The curriculum for the Doctorate of Education in Educational Leadership (EdD) is divided into four components:
The Signature Core: Leading Change Seminars. A series of five cohort-based signature seminars that focus on building the capacity for leadership, innovative thinking, and change management in the organizational context. Each taken over 8 weeks for 3 credits during the first two years of the program. Total: 5 classes, 15 credits.
The Doctoral Studies Seminars: Students are required to attend three, three-day, on-campus experiences annually (the Immersive Weekend), providing leadership development and coaching, advising, ePortfolio review, mentoring, community of practice (CoP) group meetings, preview of action-research methodology, and introduction to the knowledge and skills necessary for successful completion of the doctoral program. The overall focus of these seminars is the leadership development component through self-assessment work, reflection, and coaching. Students meet online throughout the year in small mentoring groups and following the campus seminar in order to provide an ongoing opportunity for reflection and processing of new learning. Total: 3 classes, 6 credits.
Research Design and Execution: A series of three sequential research courses on the fundamentals of qualitative and quantitative design and action research. These courses prepare students for the action-focused dissertation. Total: 3 classes, 9 credits.

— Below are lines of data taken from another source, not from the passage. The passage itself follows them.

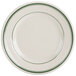 A white plate with green bands on the edge.
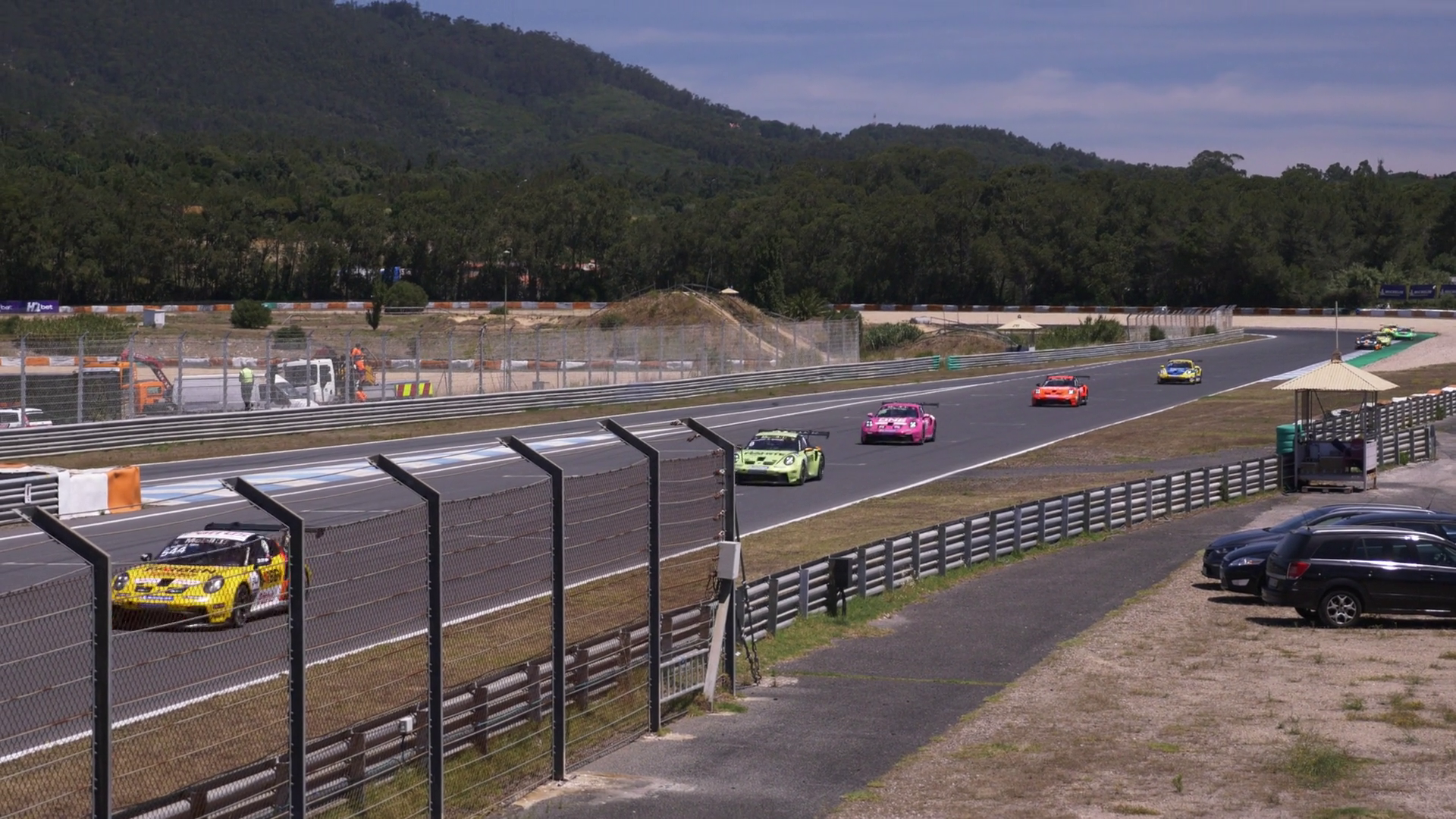 Racing Cars Track Curve Lap Porsche Cup Stock Footage SBV-351883286 ...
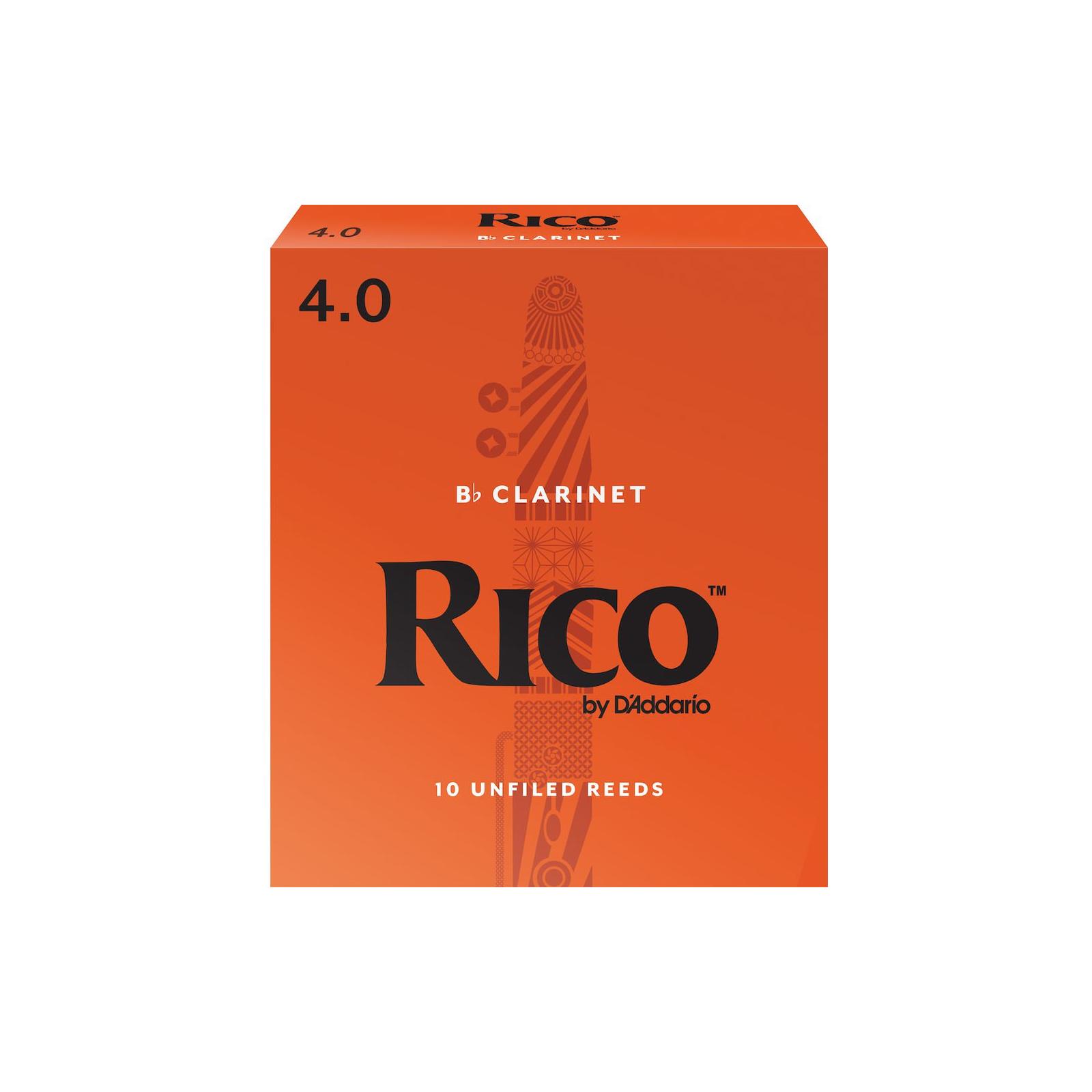 Rico Bb Clarinet Reeds, Strength 4, 10-pack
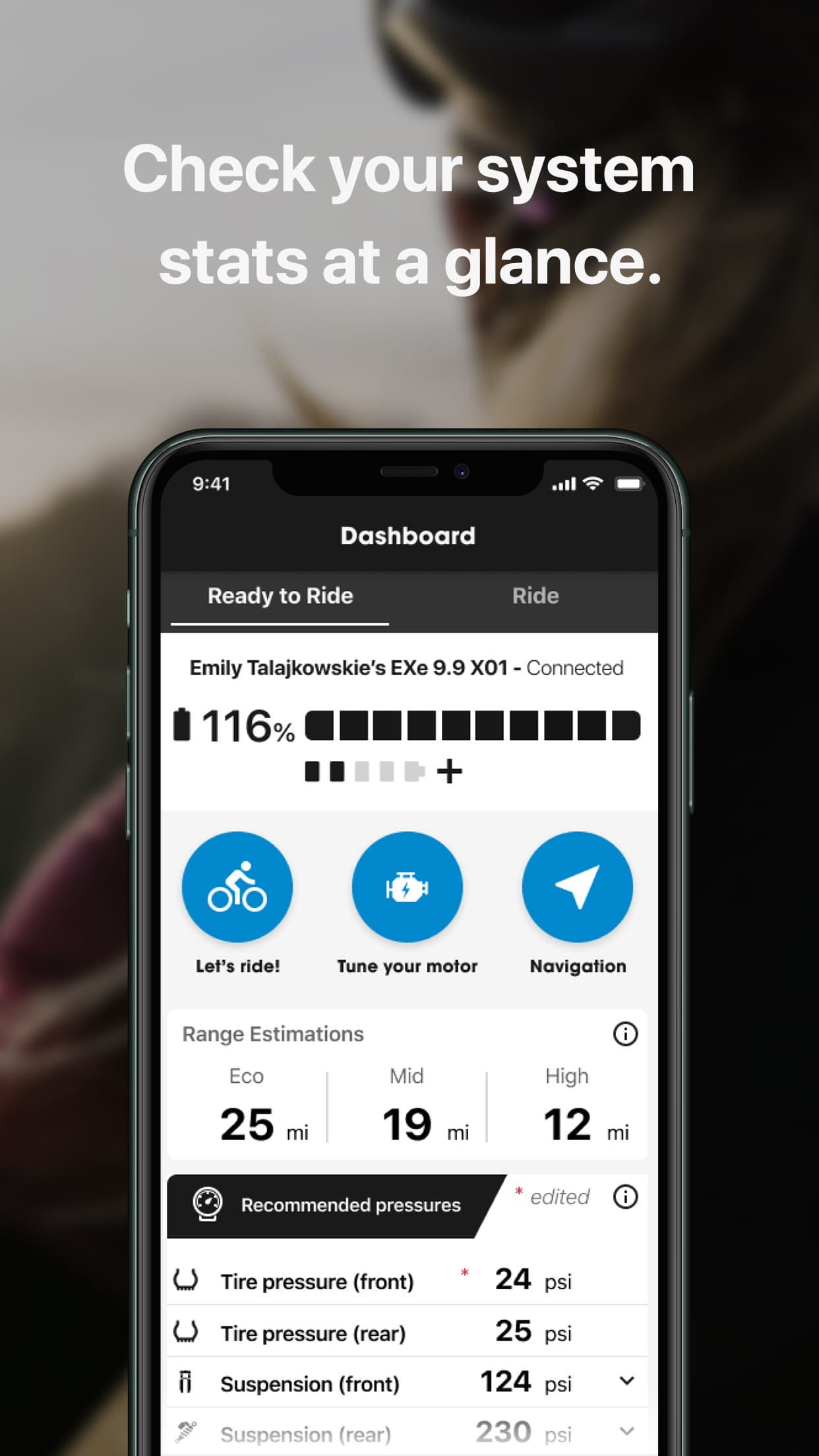 Trek Central dashboard — battery, range, tire pressure
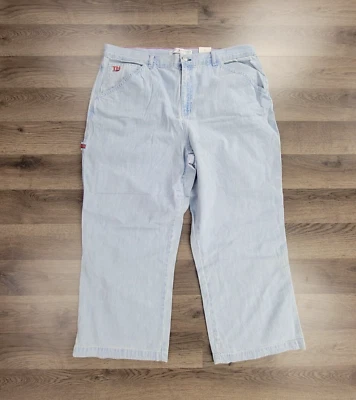 Jeans Tommy Hilfiger perna larga tamanho 16 azul feminino listrado vintage Y2K crop novo com etiquetas - Imagem 1 de 4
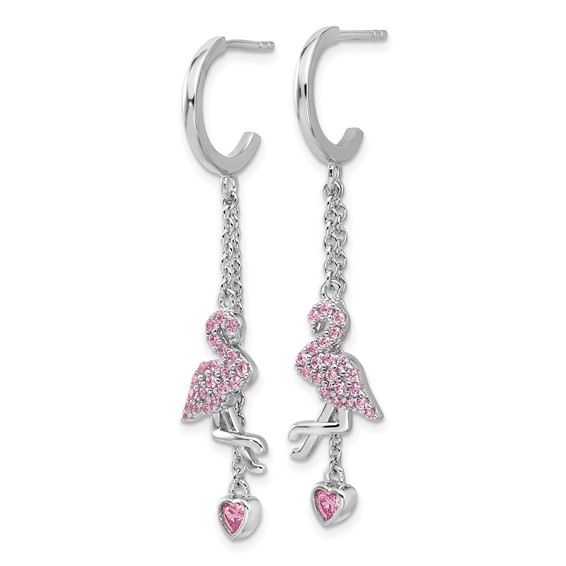 Sterling Silver Rhodium-plated Pink CZ Flamingo Heart Post Hoop Earrings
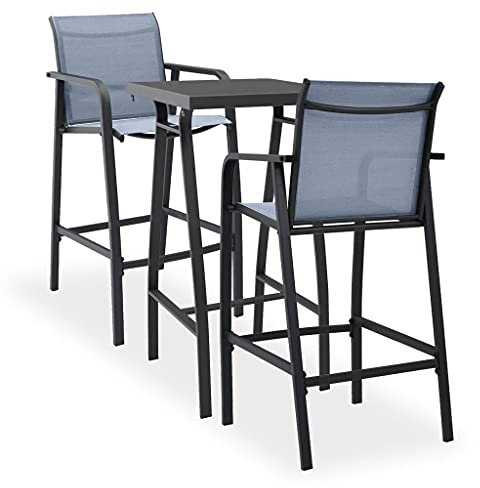 vidaXL Gartenbar Set 3-TLG. Theke Bar Tresen Gartentheke Bartisch Stehtisch Barhocker Barstuhl Gartenmöbel Gartenset Sitzgruppe Schwarz Grau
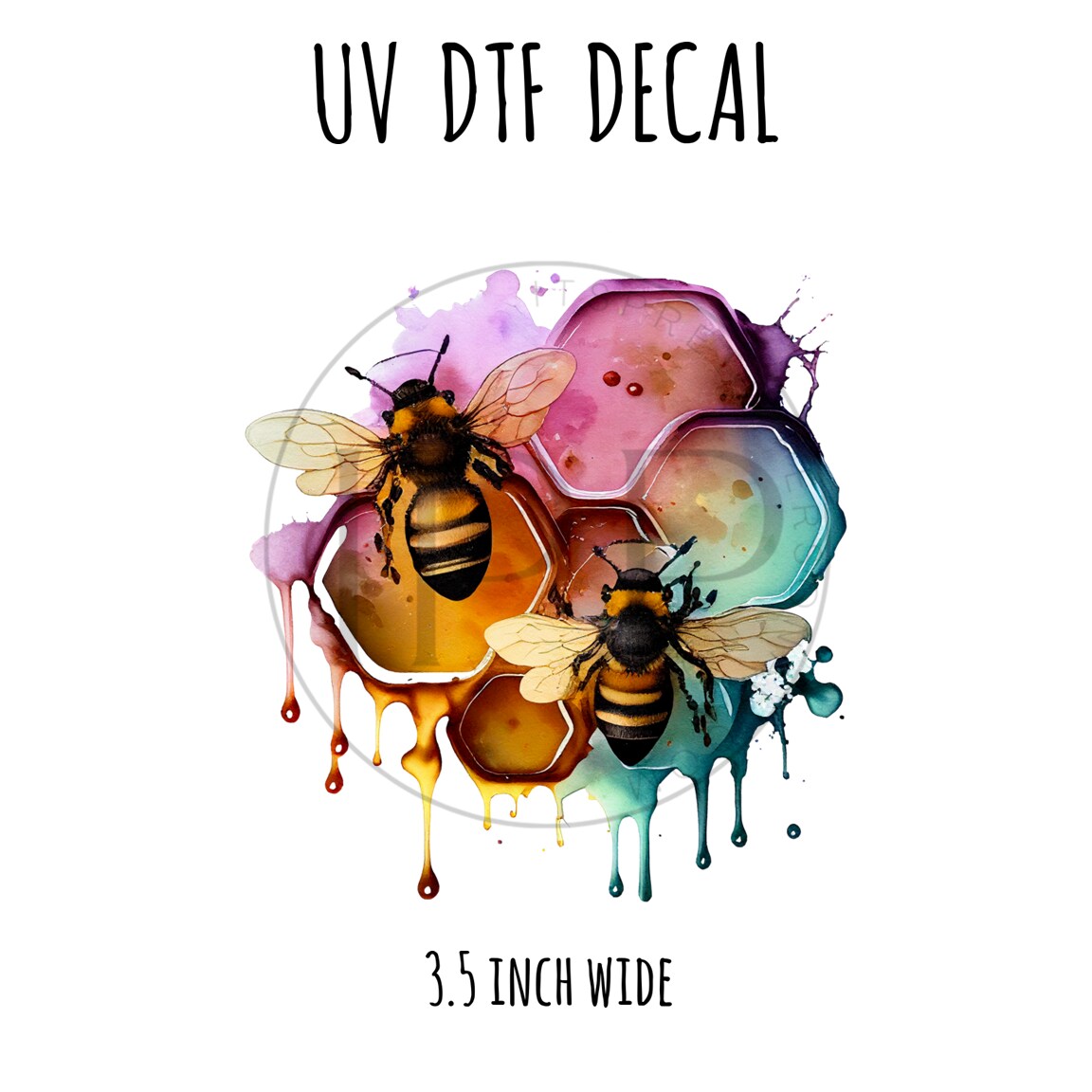 #290 -Watercolor Bees 3.5 inch wide UV DTF decal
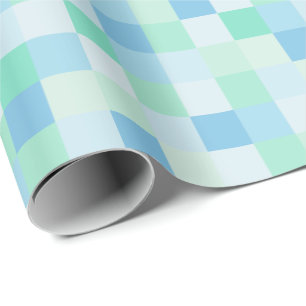 Cadeau Papier d'emballage de carrés bleus de bleu et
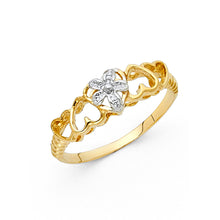 Ioka Jewelry - 14K Two Tone Solid Gold Fancy Flower and Heart Ring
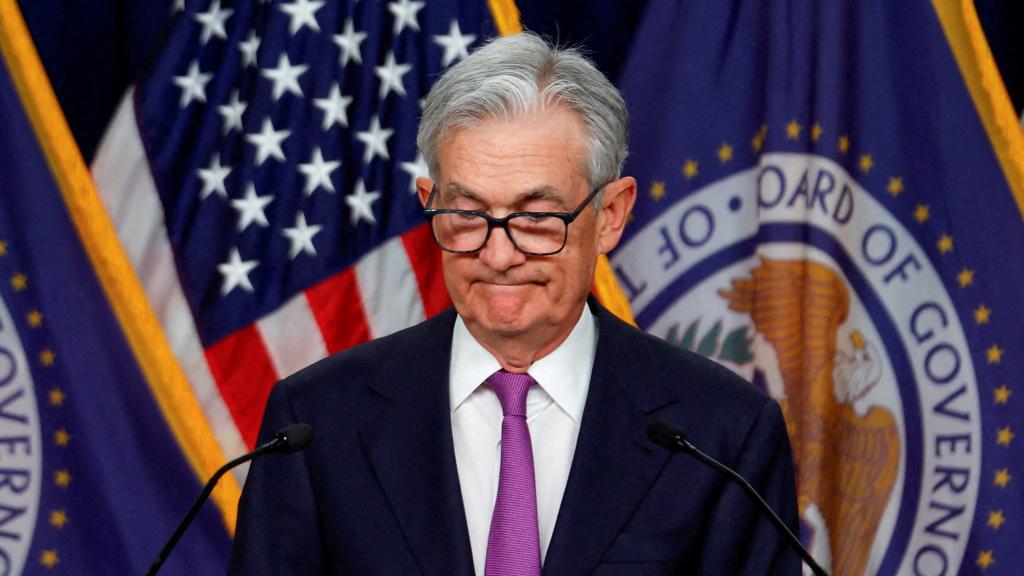 El presidente de la Fed, Jerome Powell, durante una rueda de prensa.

Action-Focused Dissertation: A series of four sequential dissertation courses engaging students in action research. Action research requires the researcher to begin with an educational problem to analyze, to develop a plan of critically informed action to improve on what is happening, to act to implement the plan, to observe the effects of the action, and then to reflect on these effects as basis for further planning. Most importantly, action research is “inquiry that is done by or with insiders to an organization or community, but never to or on them. It is a reflective process, but is different from isolated, spontaneous reflection in that it is deliberately and systematically undertaken." (Herr & Anderson, 2005, p. 3). Total: 4 classes, 12 credits.